12/28/2011 10:28 EST | Updated 02/27/2012 05:12 EST

Shares in Sears Canada drop a day after parent company announces U.S. closures

Sears Canada isn't looking to close stores but instead wants to improve the ones it has, the department store operator said Wednesday, a day after its American parent announced the shutdown of scores of locations.

Shares in Sears Canada Inc. closed down 10 per cent Wednesday, a day after Sears Holdings Inc. (NASDAQ:SHLD) said it would close between 100 and 120 Sears and Kmart stores in the United States.

The closures do not apply to Sears Canada Inc., the U.S. retailer's Toronto-based subsidiary, which has been streamlining itself under a new leadership team to help reverse recent losses.

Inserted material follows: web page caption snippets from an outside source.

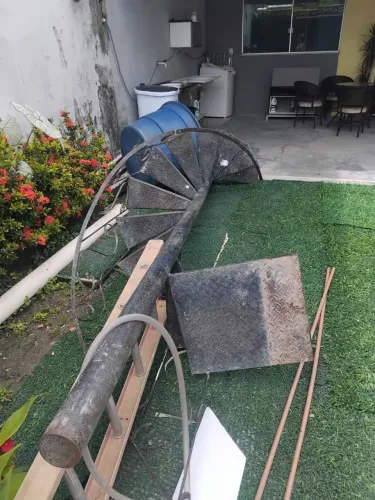 Vende-se escada caracol medindo 4,10 por 3,30 com 12 degraus aceito cartão e proposta.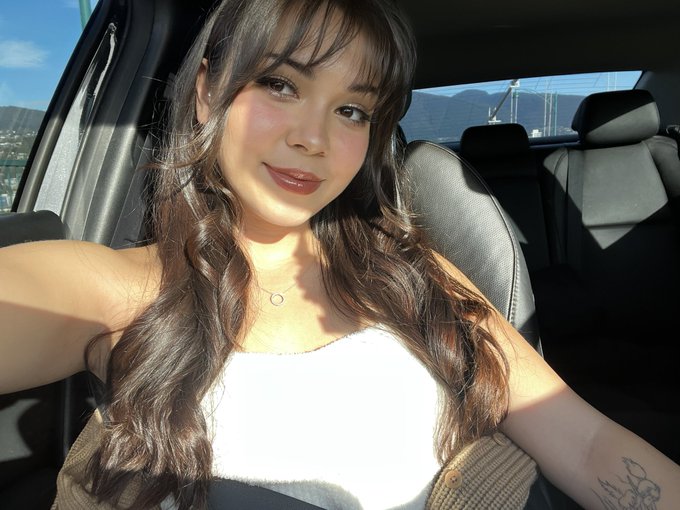 Happy Saturday 💖 https://t.co/wmZaIdYVJZ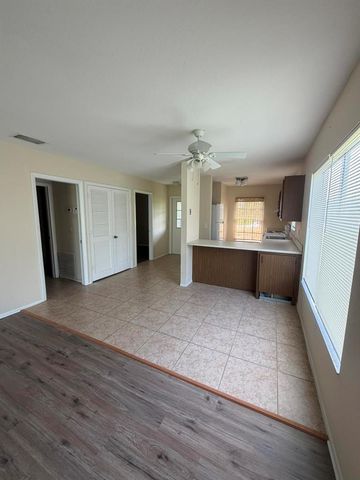 1720 SE Linpark Court, Port St. Lucie, FL 34952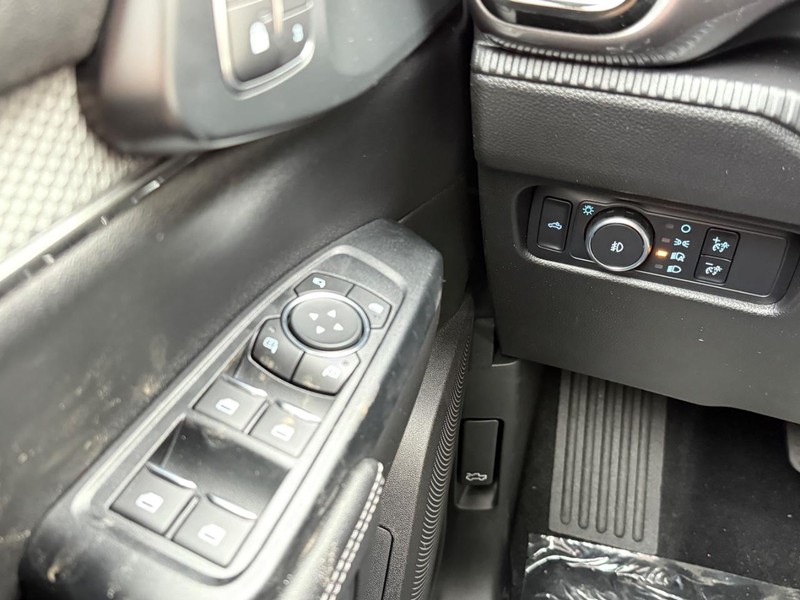 Ford Ranger Vehicle Full-screen Gallery Image 20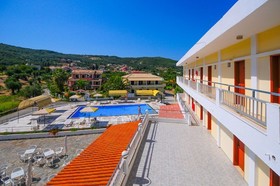 Hotel Prassino Nissi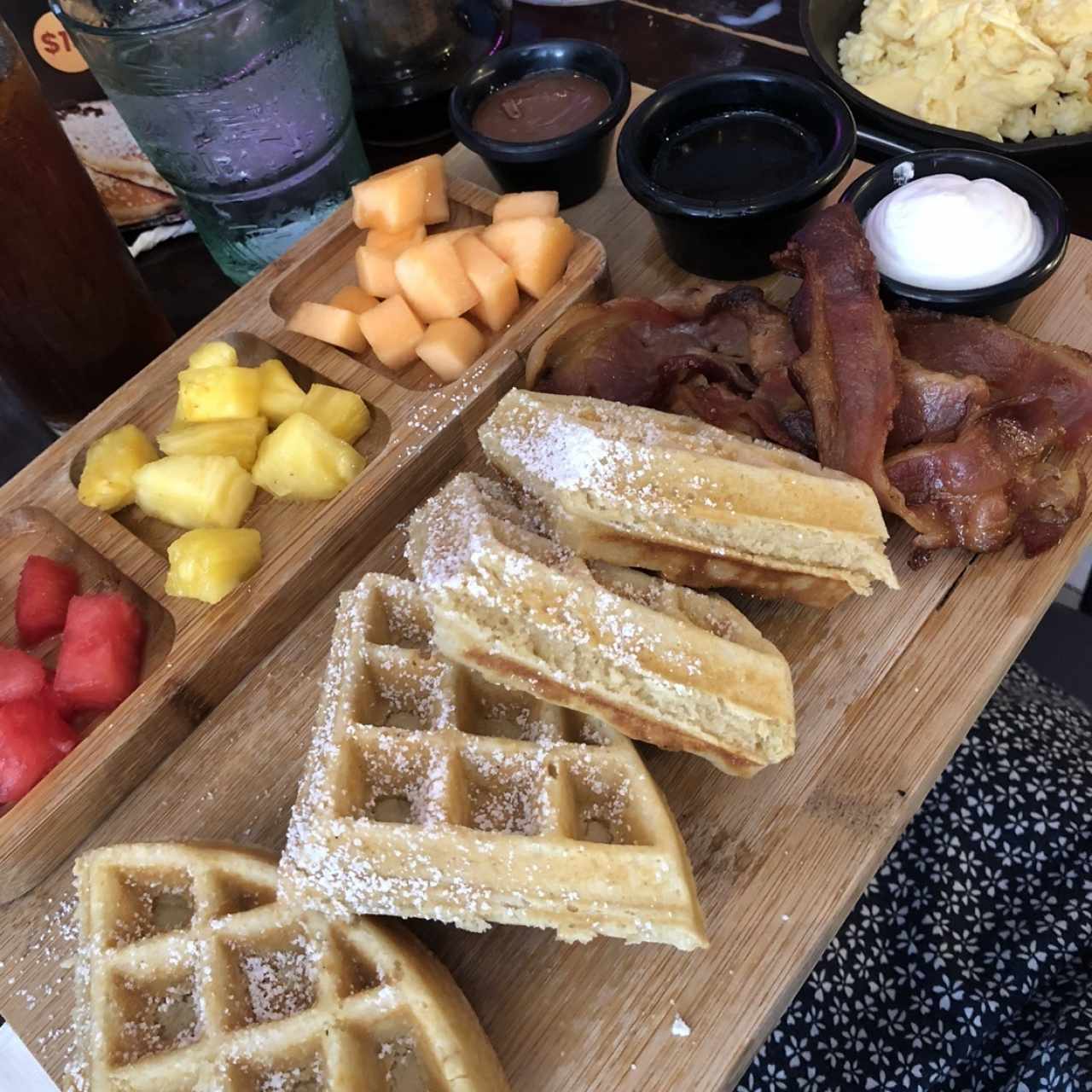 Tabla de Waffles con huevos al gusto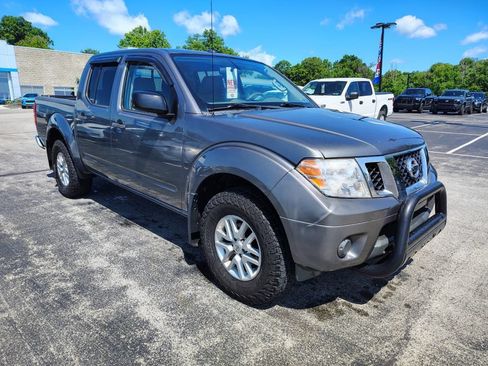 Used 2017 Nissan Frontier SV AWD/4WD image 3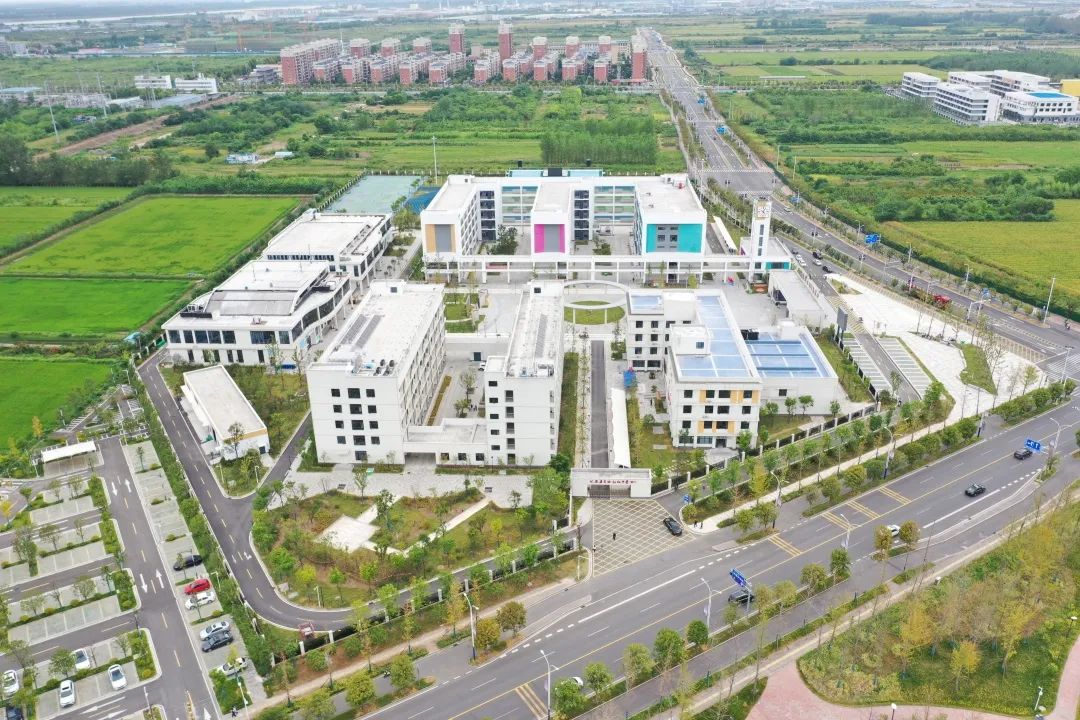 公安縣實(shí)驗(yàn)中學(xué)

"We're not in a position where we're closing stores," said Sears Canada spokesman Vincent Power.

"If anything, we're looking on how to improve them."

Power said he isn't aware of any more job cuts at Sears Canada stores and added that it is too soon to comment on how the chain's sales fared during the holiday shopping season.

Sears Canada (TSX:SCC) shares closed down $1.16 at $10.40 Wednesday on the Toronto Stock Exchange.

Last month, Sears Canada laid off about 70 employees at its head office in downtown Toronto as the retailer works to overcome a loss of nearly $47 million in its latest quarter.

"Our new CEO, Calvin McDonald, has been putting plans into place to make the stores even more attractive, more relevant, more shopable for Canadian consumers," said Power.

McDonald found that Sears' stores were difficult to shop in and there was "too much clutter," so the stores were "cleaned up" for the back-to-school season, Power said from Toronto. "Certainly, he sees a lot more potential for the stores."

The stores will be refreshed and some will be selected for more significant changes, Power said, adding that Sears' flyers have also been made easier for customers to read.

"Our goal is to be a complete shopping experience for customers."

But retail analyst John Winter said Sears probably should consider the future of its underperforming stores in Canada.

"The question is really, why don't they close a few stores in Canada?" said Winter, of John Winter Associates in Toronto.

"There's always stores that should never have been opened and where the market has moved away," Winter said.

"Most retailers should be looking at the bottom end of the bell curve to see which ones are not performing up to their standards and see if they can close them down and that is certainly a boost to the bottom line, immediately."

Sears also has to be a bit more price conscious to better compete with other retailers such as Walmart, he said.

Between lower-end Walmart and Target, which will enter the Canadian market in 2013, Sears department stores can find their place by appealing to the middle class.

"There is a space between Walmart, which is basic necessities, and The Bay. There is a space in there that they can fill and they should be filling pretty well," Winter said of Sears.

"The problem is Target is coming in and Target is a step above Walmart in quality and in price. It will be competing, perhaps, with the lower end of the Sears' line."

The retail chain should also consider slimming down its catalogue further, which needs an "important rethink", he said, especially with shoppers comparing prices online.

Winter said he also isn't sure that McDonald, appointed last June, will be able to turn Sears Canada around. McDonald is a former executive from Loblaw Companies (TSX:L).

"What does he know of fashion?"

But Power said McDonald has a retail background.

"Retail is retail and there are principles about giving a compelling shopping experience to customers that a retailer of any line of merchandise would be able to benefit from and make use of."

At Sears Canada, the company has said its recent job losses affected some middle and senior management. In total, the company has more than 30,000 employees, of which about one-third are full-time staff.